* **Data supplied**
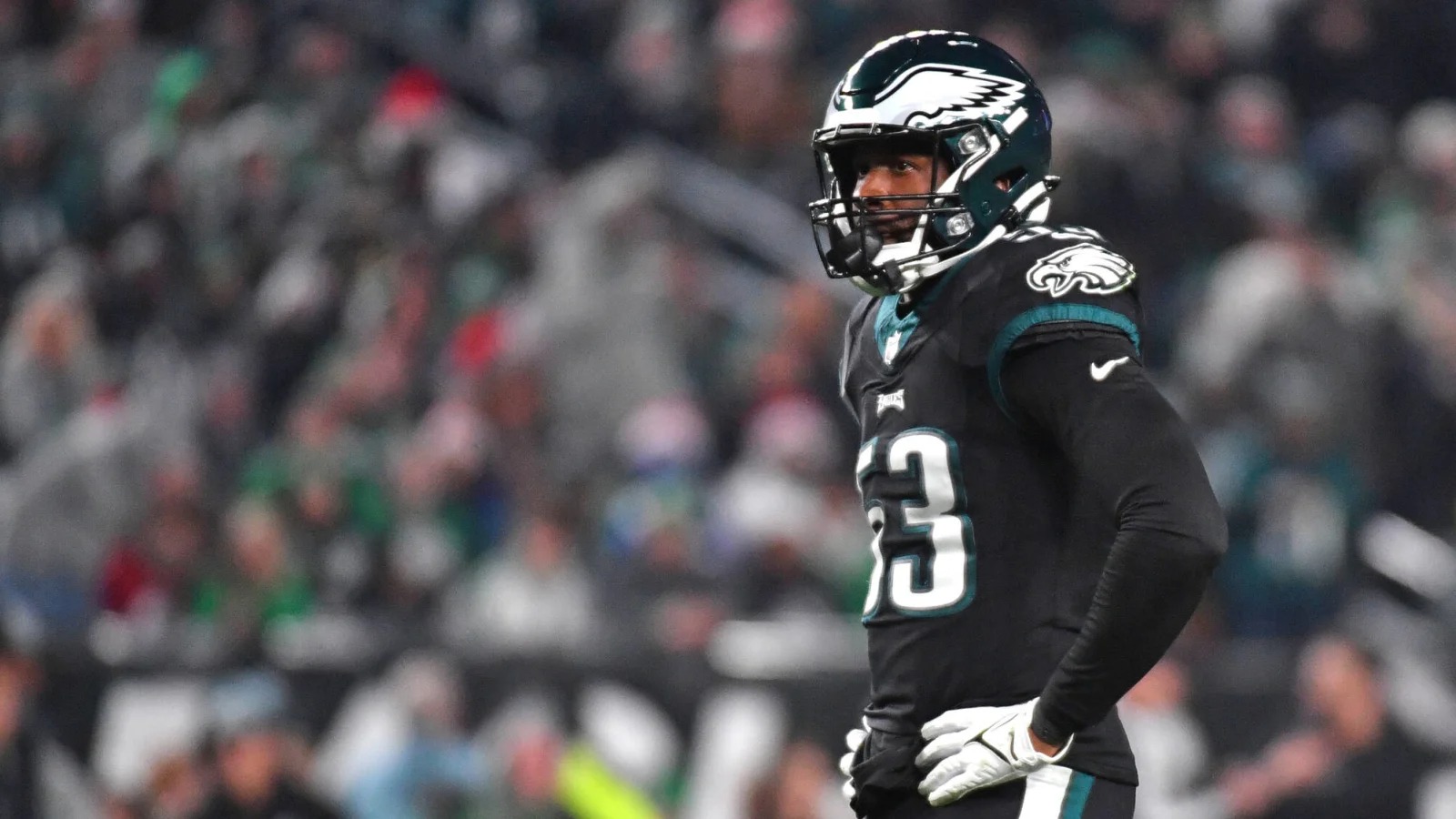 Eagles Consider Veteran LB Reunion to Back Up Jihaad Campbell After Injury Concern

---

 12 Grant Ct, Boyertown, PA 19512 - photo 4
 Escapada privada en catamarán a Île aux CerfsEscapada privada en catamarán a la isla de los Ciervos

* * *

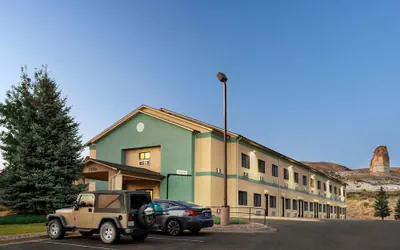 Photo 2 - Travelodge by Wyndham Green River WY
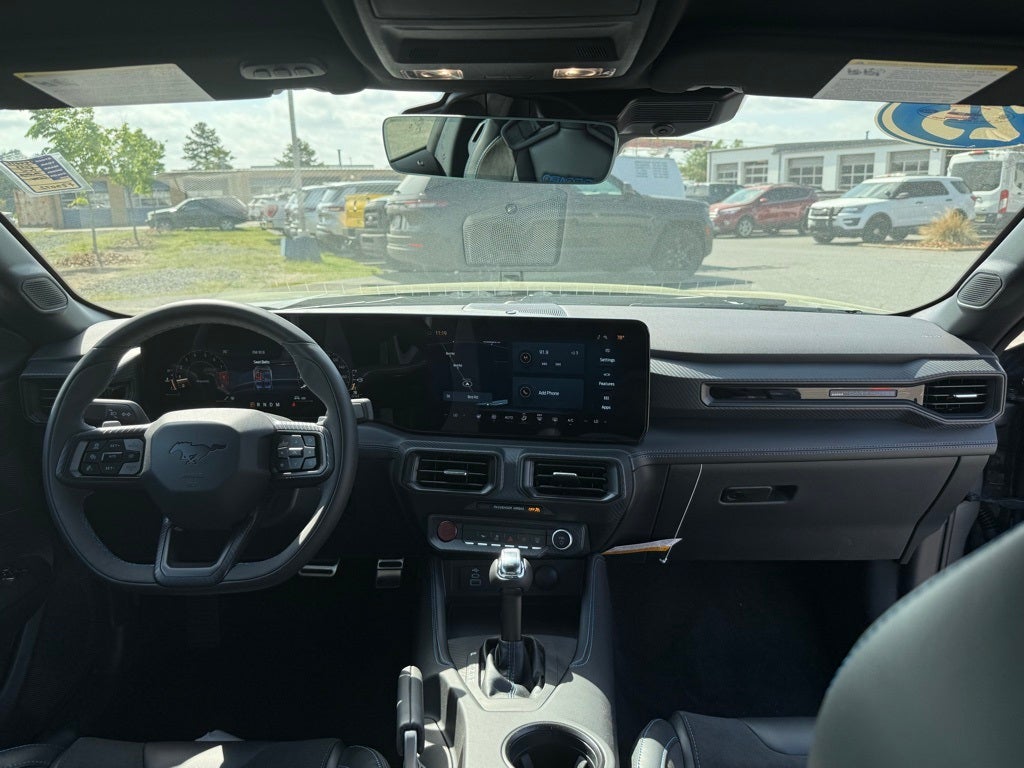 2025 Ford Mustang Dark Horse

* **Action item**
Set down exactly the lines above, from the line containing "Photo 2 - Travelodge" through the line containing "2025 Ford Mustang Dark Horse". Skip the pictures.

* **Written solution**
 Photo 2 - Travelodge by Wyndham Green River WY
 2025 Ford Mustang Dark Horse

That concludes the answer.